If the file has only ASCII characters, I get the content of the files as expected; but if there are characters beyond 127, I get a null character (^@), at the end of the string, for each such character beyond 127. So, after $ echo "~a^?" > ~/teste I get

CL-USER> (file-to-string "~/teste")
"~a^?
"

; but after echo "aaa§§§" > ~/teste , the REPL gives me

CL-USER> (file-to-string "~/teste")
"aaa§§§
^@^@^@"

and so forth. How can I fix this? I’m using SBCL 1.4.0 in an utf-8 locale.

Upvotes: 2

Views: 413

Answers (1)

jlahd
jlahd

Reputation: 6303

First of all, your keyword argument :external-format is misplaced and has no effect. It should be inside the parenteses with stream and path. However, this has no effect to the end result, as UTF-8 is the default encoding.

The problem here is that in UTF-8 encoding, it takes a different number of bytes to encode different characters. ASCII characters all encode into single bytes, but other characters take 2-4 bytes. You are now allocating, in your string, data for every byte of the input file, not every character in it. The unused characters end up unchanged; make-string initializes them as ^@.

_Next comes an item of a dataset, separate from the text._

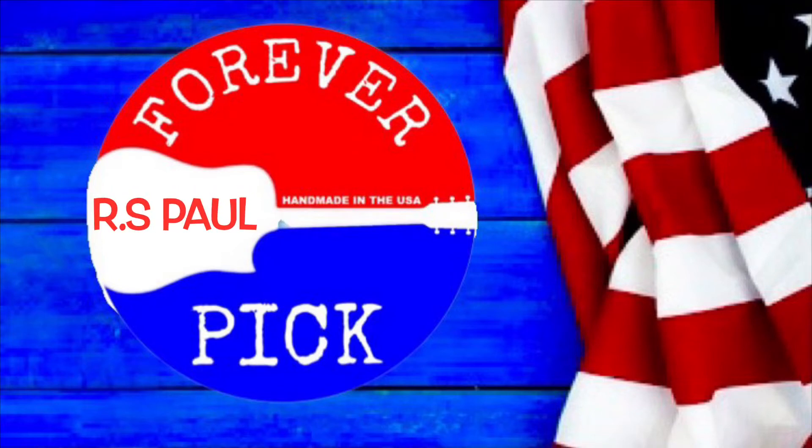Hello, I'm the creator of Forever Pick. After watching this review, the one thing I'd like you to pay attention to is listening to the tone of the guitar picks as he throws them onto the workbench — whether they're plastic or wood, listen to the tone.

The (read-sequence) function returns the index of the first element not changed by the function. You are currently just discarding this information, but you should use it to resize your buffer after you know how many elements have been used:

(defun file-to-str (path)
  (with-open-file (stream path :external-format :utf-8)
    (let* ((data (make-string (file-length stream)))
           (used (read-sequence data stream)))
      (subseq data 0 used))))

This is safe, as length of the file is always greater or equal to the number of UTF-8 characters encoded in it. However, it is not terribly efficient, as it allocates an unnecessarily large buffer, and finally copies the whole output into a new string for returning the data.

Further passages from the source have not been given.